Parsifal appelle des interprétations multiples. Avec des bonheurs divers, les mises en scène, au fil du temps, se sont chargées de répondre à l’énigme posée par Gurnemanz à l’acte I : « Tu vois, mon fils, ici le temps devient espace. » Dans ce spectacle venu de l’Opéra d’Anvers, en coproduction avec le Grand Théâtre de Luxembourg, Tatjana Gürbaca a choisi de radicaliser le propos, détournant le caractère religieux et consensuel de l’œuvre pour l’installer de façon réaliste dans le temps présent. La messe semble être dite et les chevaliers fatigués de cette histoire sans fin.

Au sein d’un décor monochrome en demi-cercle sur lequel sont projetés à la manière des paintings de Gerhard Richter des filets dégoulinants d’hémoglobine, les personnages vêtus de costumes contemporains occupent le plateau, stimulés par une véritable direction d’acteurs qui se cherche pourtant une logique. De beaux tableaux (les filles-fleurs fanées du château de Klingsor, les scènes de foule…) sont sans cesse pervertis par des excès délibérés (le déplacement de Gurnemanz dans un fauteuil roulant pour signifier son âge immémorial) ou provocateurs (le lynchage d’Amfortas considéré comme un assassin lorsqu’il refuse de célébrer le Graal, le sang du Christ qui coule à qui mieux mieux…).

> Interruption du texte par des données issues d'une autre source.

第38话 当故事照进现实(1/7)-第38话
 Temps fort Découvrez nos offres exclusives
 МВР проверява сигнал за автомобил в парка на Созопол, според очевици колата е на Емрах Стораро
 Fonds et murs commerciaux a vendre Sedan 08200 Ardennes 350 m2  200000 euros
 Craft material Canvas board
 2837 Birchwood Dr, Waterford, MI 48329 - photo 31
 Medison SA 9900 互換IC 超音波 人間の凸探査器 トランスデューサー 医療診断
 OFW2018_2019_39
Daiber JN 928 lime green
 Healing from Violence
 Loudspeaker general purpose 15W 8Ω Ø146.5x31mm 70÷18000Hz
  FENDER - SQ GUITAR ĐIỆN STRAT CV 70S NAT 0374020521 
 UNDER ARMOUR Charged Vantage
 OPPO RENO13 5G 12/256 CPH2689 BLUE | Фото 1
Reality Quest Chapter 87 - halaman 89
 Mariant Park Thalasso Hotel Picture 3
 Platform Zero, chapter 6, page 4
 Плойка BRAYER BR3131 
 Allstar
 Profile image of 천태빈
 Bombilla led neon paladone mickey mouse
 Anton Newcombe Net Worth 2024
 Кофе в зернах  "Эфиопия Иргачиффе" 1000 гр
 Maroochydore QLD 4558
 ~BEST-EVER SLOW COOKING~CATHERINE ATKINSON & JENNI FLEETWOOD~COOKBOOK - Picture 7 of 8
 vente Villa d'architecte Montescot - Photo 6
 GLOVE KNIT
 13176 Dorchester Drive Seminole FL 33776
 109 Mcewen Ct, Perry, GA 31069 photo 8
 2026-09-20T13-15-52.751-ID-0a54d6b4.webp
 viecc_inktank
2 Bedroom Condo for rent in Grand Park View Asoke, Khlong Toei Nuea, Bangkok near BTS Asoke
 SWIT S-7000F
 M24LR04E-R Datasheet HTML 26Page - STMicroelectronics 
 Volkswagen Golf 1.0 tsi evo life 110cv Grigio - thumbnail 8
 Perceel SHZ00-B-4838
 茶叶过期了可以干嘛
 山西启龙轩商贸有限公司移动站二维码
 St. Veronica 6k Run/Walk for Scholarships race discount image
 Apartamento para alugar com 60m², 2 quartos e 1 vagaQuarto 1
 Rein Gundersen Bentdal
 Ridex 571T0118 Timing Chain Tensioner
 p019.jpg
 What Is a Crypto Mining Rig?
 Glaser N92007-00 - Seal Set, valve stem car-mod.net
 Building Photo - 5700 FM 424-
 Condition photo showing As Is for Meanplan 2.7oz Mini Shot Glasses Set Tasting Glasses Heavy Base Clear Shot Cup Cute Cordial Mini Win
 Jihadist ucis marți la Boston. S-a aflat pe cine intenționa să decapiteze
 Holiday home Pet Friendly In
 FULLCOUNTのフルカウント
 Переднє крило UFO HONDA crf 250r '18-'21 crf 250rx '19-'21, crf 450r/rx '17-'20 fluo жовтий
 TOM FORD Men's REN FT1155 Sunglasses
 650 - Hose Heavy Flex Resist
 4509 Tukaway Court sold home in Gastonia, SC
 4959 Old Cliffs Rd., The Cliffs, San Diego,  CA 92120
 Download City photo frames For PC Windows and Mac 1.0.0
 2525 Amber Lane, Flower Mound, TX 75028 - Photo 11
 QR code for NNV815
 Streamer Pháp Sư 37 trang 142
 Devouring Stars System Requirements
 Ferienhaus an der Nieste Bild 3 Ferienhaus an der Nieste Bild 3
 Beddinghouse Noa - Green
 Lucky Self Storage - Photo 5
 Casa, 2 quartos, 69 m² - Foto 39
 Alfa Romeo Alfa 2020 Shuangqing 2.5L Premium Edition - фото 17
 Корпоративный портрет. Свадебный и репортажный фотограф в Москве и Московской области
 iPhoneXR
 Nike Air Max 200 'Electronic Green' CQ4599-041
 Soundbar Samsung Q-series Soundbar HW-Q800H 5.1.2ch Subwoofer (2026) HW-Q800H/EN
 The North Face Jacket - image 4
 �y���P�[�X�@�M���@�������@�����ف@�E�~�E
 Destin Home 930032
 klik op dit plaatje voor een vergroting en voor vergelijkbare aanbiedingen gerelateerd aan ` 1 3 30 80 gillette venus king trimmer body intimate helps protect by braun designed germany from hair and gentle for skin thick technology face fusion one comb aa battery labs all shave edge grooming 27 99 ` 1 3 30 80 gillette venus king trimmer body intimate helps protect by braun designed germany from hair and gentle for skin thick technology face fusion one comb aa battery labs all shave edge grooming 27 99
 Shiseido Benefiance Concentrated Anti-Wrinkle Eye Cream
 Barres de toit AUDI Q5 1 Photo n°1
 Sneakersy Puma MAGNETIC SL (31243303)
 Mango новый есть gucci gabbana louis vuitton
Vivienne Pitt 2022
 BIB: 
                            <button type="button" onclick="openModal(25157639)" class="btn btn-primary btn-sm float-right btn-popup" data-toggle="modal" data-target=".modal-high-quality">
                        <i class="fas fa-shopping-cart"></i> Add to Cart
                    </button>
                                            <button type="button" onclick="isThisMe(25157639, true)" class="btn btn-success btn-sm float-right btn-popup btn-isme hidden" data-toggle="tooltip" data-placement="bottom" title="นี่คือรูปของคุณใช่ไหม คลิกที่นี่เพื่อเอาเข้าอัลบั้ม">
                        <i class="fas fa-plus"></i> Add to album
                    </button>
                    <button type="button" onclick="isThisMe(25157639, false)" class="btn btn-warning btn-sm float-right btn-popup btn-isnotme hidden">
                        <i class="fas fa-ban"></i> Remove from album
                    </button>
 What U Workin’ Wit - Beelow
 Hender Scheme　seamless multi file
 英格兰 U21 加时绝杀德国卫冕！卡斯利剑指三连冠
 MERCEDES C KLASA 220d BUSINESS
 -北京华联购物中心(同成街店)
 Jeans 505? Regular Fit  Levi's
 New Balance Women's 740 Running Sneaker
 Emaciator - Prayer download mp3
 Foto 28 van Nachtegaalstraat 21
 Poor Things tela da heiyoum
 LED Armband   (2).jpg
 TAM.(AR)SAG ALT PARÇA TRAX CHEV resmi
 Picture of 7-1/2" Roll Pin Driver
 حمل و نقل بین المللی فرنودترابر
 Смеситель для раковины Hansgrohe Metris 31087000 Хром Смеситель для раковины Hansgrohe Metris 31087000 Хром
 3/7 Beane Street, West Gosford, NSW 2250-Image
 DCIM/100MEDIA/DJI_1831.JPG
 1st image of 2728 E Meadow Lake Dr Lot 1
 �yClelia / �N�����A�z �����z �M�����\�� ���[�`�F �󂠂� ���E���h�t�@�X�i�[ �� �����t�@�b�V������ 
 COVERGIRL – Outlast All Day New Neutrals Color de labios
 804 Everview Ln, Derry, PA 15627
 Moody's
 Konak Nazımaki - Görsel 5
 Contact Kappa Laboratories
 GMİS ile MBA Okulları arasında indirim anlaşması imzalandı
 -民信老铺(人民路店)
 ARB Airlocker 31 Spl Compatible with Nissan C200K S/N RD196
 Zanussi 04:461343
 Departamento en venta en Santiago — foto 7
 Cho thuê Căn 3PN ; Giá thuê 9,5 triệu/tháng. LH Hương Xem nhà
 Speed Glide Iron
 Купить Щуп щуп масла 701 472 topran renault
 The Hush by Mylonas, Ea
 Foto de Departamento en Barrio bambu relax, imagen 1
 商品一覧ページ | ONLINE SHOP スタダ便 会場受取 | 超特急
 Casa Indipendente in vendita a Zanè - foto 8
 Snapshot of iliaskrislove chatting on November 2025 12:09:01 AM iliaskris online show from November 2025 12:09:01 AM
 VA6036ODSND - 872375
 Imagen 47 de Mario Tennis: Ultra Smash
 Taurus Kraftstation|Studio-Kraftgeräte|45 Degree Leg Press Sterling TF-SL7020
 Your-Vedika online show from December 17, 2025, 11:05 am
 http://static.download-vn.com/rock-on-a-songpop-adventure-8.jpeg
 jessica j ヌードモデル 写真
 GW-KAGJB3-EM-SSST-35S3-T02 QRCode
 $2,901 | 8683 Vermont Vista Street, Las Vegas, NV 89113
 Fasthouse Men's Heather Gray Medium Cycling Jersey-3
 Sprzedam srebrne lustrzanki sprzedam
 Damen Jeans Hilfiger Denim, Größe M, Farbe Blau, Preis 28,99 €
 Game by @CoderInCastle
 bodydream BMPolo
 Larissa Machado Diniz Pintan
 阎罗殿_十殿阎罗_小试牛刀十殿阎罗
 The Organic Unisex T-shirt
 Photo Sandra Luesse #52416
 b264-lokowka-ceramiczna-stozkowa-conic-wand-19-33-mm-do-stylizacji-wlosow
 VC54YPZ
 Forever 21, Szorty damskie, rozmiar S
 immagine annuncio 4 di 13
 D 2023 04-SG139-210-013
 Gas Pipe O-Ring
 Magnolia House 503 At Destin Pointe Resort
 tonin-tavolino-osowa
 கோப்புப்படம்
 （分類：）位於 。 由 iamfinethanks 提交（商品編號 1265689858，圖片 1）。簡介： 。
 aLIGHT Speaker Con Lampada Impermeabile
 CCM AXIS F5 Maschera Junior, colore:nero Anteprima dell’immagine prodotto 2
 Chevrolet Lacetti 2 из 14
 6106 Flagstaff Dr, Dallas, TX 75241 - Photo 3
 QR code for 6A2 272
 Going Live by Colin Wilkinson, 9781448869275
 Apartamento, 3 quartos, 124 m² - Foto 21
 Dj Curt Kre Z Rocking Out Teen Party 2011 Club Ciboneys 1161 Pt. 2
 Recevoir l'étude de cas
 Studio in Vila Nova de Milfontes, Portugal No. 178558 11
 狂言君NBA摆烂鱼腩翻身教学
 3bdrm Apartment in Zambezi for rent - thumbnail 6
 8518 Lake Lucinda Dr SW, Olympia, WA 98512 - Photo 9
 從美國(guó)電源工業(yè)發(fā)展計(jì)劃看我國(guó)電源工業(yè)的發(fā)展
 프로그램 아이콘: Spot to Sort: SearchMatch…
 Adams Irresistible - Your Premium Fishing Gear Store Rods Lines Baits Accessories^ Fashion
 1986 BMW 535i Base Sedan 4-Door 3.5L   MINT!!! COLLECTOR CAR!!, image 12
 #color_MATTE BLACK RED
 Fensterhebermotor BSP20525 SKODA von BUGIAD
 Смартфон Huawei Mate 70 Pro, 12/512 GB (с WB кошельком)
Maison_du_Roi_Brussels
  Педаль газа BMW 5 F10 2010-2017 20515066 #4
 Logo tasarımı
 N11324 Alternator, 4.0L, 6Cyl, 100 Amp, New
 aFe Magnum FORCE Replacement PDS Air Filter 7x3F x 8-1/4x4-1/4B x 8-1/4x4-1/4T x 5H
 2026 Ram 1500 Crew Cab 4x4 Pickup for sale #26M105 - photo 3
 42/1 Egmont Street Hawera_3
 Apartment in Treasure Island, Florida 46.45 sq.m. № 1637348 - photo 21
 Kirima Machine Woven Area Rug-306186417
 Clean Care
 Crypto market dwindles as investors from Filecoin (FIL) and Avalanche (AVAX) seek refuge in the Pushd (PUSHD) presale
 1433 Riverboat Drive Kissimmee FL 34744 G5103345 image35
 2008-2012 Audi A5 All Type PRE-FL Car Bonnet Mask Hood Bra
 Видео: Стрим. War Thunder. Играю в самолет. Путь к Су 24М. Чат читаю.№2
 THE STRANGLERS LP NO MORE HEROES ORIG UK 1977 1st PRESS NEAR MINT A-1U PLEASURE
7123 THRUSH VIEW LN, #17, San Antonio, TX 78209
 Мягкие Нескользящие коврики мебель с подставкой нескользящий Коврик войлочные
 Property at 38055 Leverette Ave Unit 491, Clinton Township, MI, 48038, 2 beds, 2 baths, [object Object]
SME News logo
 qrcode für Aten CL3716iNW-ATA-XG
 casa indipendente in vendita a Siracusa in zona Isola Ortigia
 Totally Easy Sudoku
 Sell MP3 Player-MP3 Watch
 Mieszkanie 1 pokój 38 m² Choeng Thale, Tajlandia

Sur le plan vocal, se détache la prestation de Georg Zeppenfeld en Gurnemanz, incarnant un personnage à bout de souffle confondant de naturel et de facilité. Zoran Todorovich campe un Parsifal expérimenté et équilibré mais parfois aux limites de ses possibilités dans le registre aigu. Le deuxième acte nous vaut un moment musical exceptionnel avec la Kundry expressionniste au chant puissant de Susan Maclean. Le Klingsor de Robert Bork fait bonne mesure, comme l’Amfortas de Werner van Mechelen, solide, clair et souple, ou encore le Titurel de Jaco Huijpen.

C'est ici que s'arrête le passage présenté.